+++ Data records

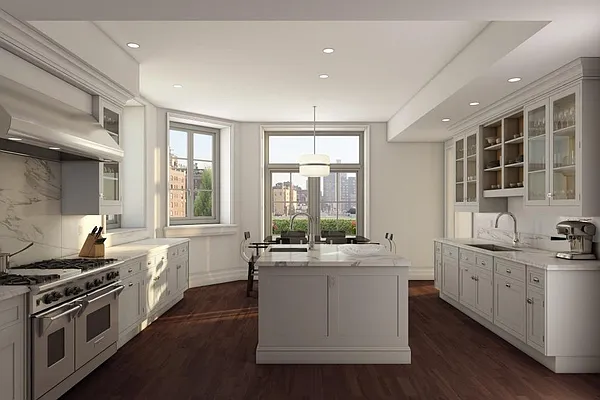 Sold by Corcoran | media 5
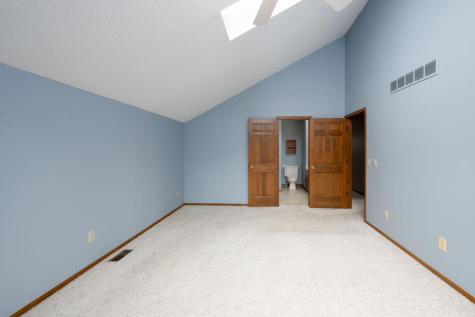 9905 Teton Court Fort Wayne IN 46804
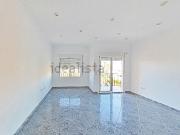 Piso, Tarragona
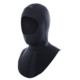 BARE 5 mm Elastek Wet Hood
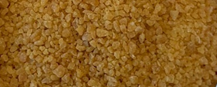Metarom Group Sea Salt Butter Caramel Bits (DC80849) banner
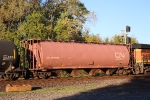 CN 378300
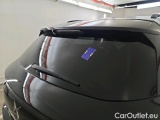  DS  DS7 DS 7 Crossback E-Tense 4x4 PERFORMANCE Line + 221kW/300pk  5D/P Auto-8 #33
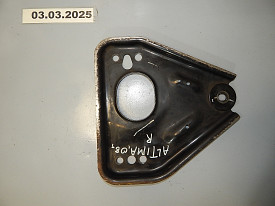 КОСЫНКА БАЛКИ ПРАВАЯ NISSAN ALTIMA L32 2006-2013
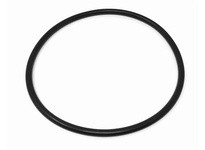 Flowtrend 123283 E70439 O-Ring FDA EPDM | YarinInd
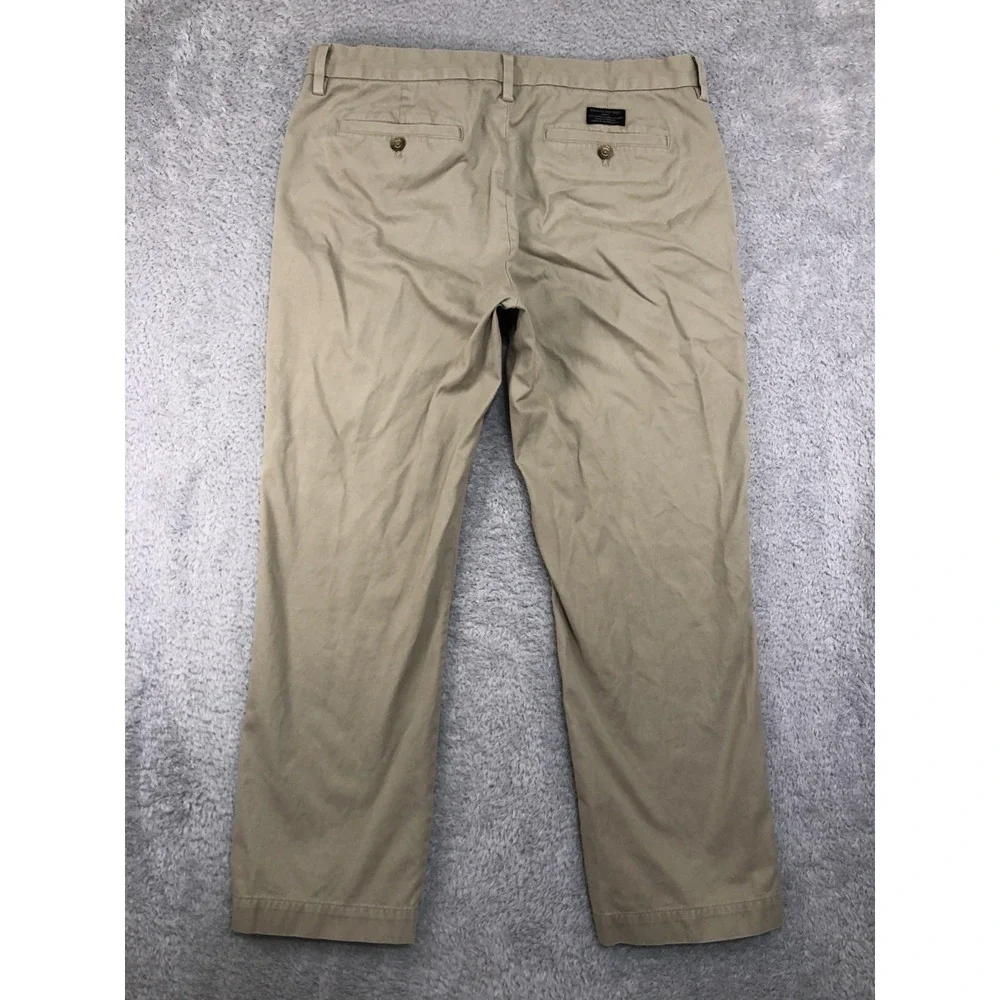 Banana Republic banana republic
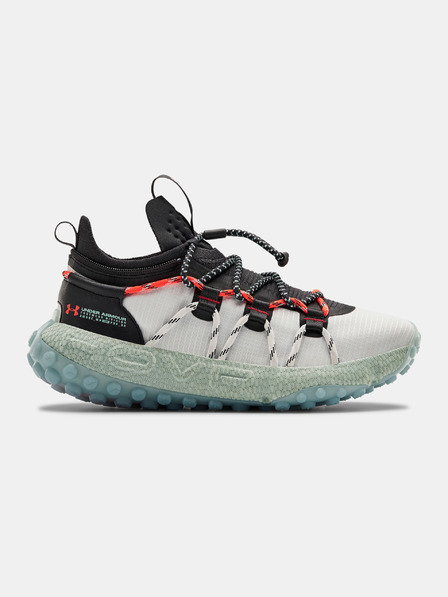 Under Armour Pantofi sport unisex Under Armour HOVR Summit FT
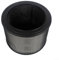For WINIX A230 Air Purifier Activated Carbon Filter for Enhanced Air Filtration and Elimination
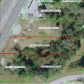 4010 Land O' Lakes Blvd, Land O Lakes, FL 34639 ID:279864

++++++

### [Exercise objective]
Write out the data above exactly, minus any images.

### [Written response]
 Sold by Corcoran | media 5
 9905 Teton Court Fort Wayne IN 46804
 Piso, Tarragona
 BARE 5 mm Elastek Wet Hood
Metarom Group Sea Salt Butter Caramel Bits (DC80849) banner
 CN 378300
  DS  DS7 DS 7 Crossback E-Tense 4x4 PERFORMANCE Line + 221kW/300pk  5D/P Auto-8 #33
 КОСЫНКА БАЛКИ ПРАВАЯ NISSAN ALTIMA L32 2006-2013
 Flowtrend 123283 E70439 O-Ring FDA EPDM | YarinInd
 Banana Republic banana republic
 Under Armour Pantofi sport unisex Under Armour HOVR Summit FT
For WINIX A230 Air Purifier Activated Carbon Filter for Enhanced Air Filtration and Elimination
 4010 Land O' Lakes Blvd, Land O Lakes, FL 34639 ID:279864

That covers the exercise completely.